A bitter clash is looming over who will foot the bill for paying pensions owed to thousands of British Eurocrats when the UK leaves the EU. Brussels has estimated its pensions liability at €60 billion (£50.7 billion) for all retired and current officials, with annual payments currently at about €1.4 billion (£1.2 billion). Some 1,730 Britons currently make up almost 8 per cent of the 22,000 retired EU officials.

The UK insists it cannot be held responsible for Eurocrat pensions which, it says, are the responsibility of EU institutions. But EU officials say Britain would be expected to pay its part of the EU's pension promises when it finally quits the EU. It potentially sets Theresa May's new government on a collision course with EU leaders as Brexit is negotiated.

Félix Geradon, deputy head of Union SyndicaleBruxelles, the biggest EU trade union, said, “The UK is correct in its point that paying the pensions
is the responsibility of the European budget. But the budget is a common responsibility of the member states.” According to some senior EU officials one compromise could involve the UK paying a lump sum to close its exposure and create a standalone pension fund. “This could be horrible, ugly. I hope it won’t be,” one official told the Financial Times.
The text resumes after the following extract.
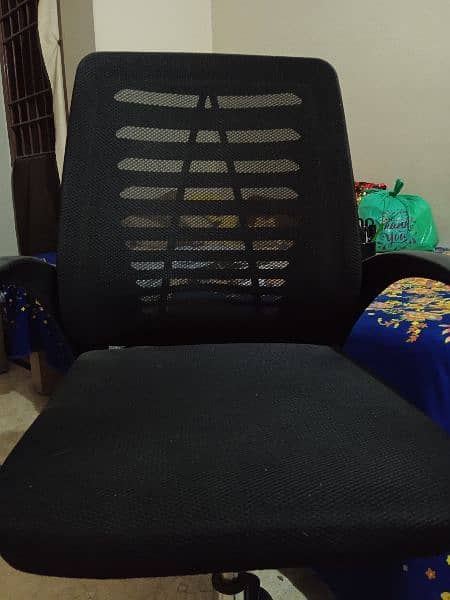 Computer Chair In new Condition & Only 3 months in used. 2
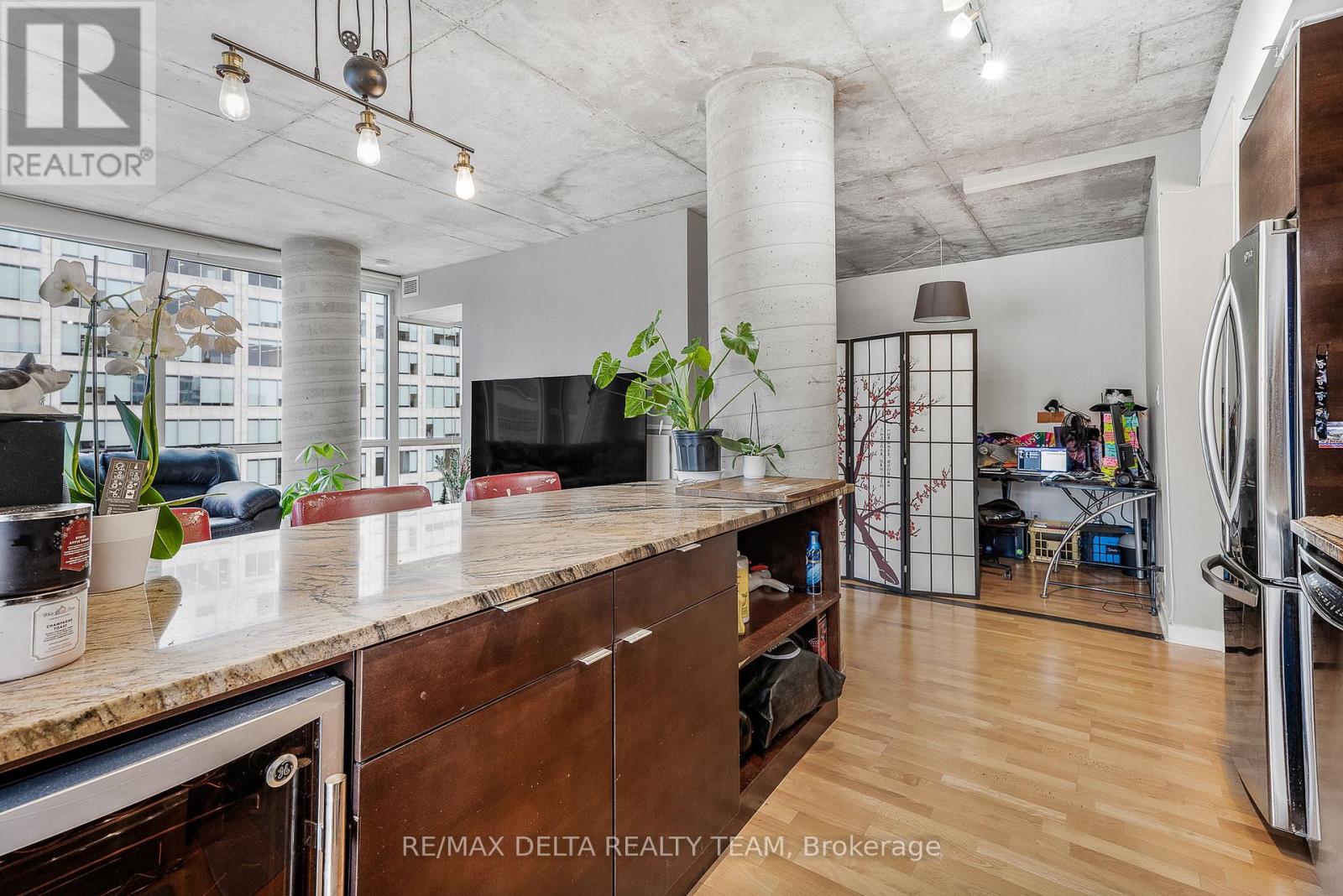 809 - 324 Laurier Avenue W, Ottawa, Ontario K1P 0A4 - Photo 12 - X12566310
Britain has long argued that the EU's pensions are too generous and the area is one of many where complex joint liabilities will need to be unravelled.

Pensions at risk

Failure to find a solution could put at risk pension payments to about 3,000 UK officials who have worked in the EU institutions since 1973. The typical EU official is entitled to a pension worth no more than 70 per cent of final basic salary, at a 1.9 per cent accrual rate - the proportion of salary earned as pension each year.